O problema é que esse Nuggets ultra-coletivo acabou colocando uma bola decisiva no finalzinho do jogo nas mãos do Kenyon Martin, assim meio sem querer. Enquanto isso, Russell Westbrook e Kevin Durant monopolizaram o jogo, cercados por um elenco de jogadores secundários que não precisa da bola e que está lá apenas para garantir o jogo das estrelas de forma eficiente. O Thunder é absurdamente bem montado, funciona como intestino de quem come fibras, e para isso não tem problema o Westbrook ser um armador fominha que nunca pensa em passar a bola e prefere tentar pular por cima de três defensores.
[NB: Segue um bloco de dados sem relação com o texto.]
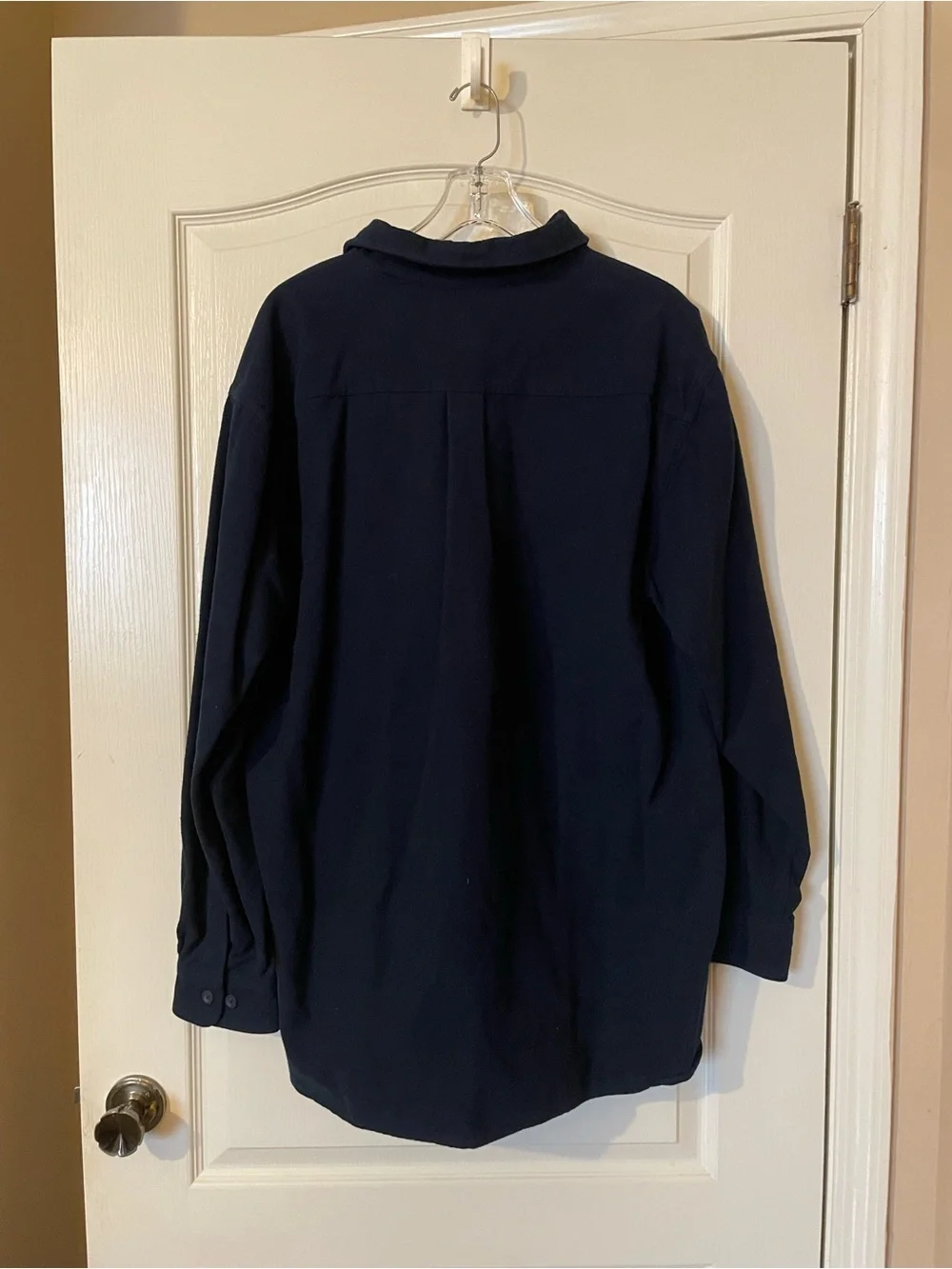 LL Bean Chamois Cloth Shirt Mens XL Regular Navy Blue Heavyweight Cotton Flannel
Já imaginou o Chris Paul fazendo isso? Com o elenco que ele tem, o melhor a se fazer é dar cestas para o Aaron Gray e rezar por um milagre.
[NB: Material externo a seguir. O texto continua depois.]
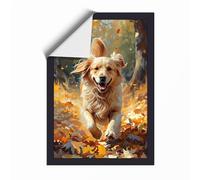 Golden Dog in Autumn Boho Unframed Wall Art Print A1 (84.1×59.4cm), Wall Decor for Living Room, Bedroom, Office & Home, Art Gift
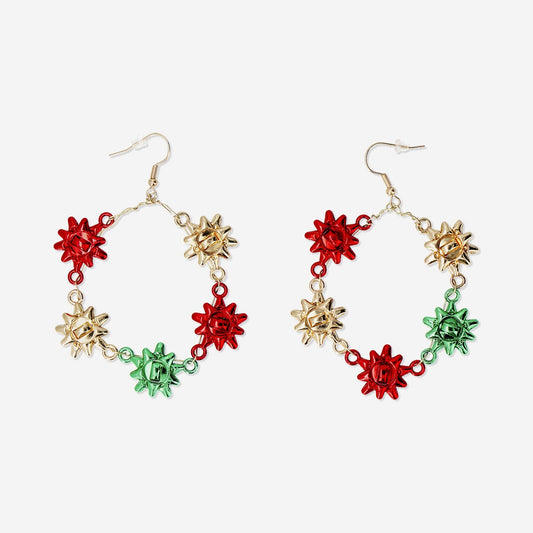 Navidad pendientes - Corona de Navidad estrellas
Muito mais importante do que o jogador ser fominha, do que idolatrar o Derrick Rose, tacar cocô no Kobe, comparar com o Chris Paul, é saber como o jogador está sendo usado pelo time e como o esquema tático está desenhado ao seu redor. Nesses termos, o Iverson não é e nem nunca foi um problema – o problema está nos times que o contrataram, e no que eles tinham em mente. O Pistons era um time inteiramente coletivo, foi cagada achar que o Iverson jogaria por lá. O Grizzlies, que vimos vencer o Spurs no domingo com uma dupla de garrafão que se ama e passa a bola um para o outro o tempo inteiro, nunca poderia ter um jogador que segurasse a bola no perímetro. Ou seja, culpa deles por contratar o Iverson, que era o jogador errado. Para ter o Iverson, é preciso explorar suas qualidades e, pra isso, montar um elenco que permita que sua individualidade aconteça. O Derrick Rose talvez nos ajude a romper esse preconceito com os jogadores que forçam o jogo, e nos mostre o valor do elenco, do esquema tático, e portanto a dificuldade de se comparar jogadores. Quem é melhor, Rose ou Paul? Depende: com que elenco, em que plano tático?

O Dwight Howard, por exemplo, pode ser um jogador genial e fazer 46 pontos num jogo – e ainda assim estar no esquema tático errado, com o elenco errado, e conseguir perder para a porcaria do Hawks. Mas esse é um caso pra ser analisado em particular, e fica pro nosso post de mais tarde.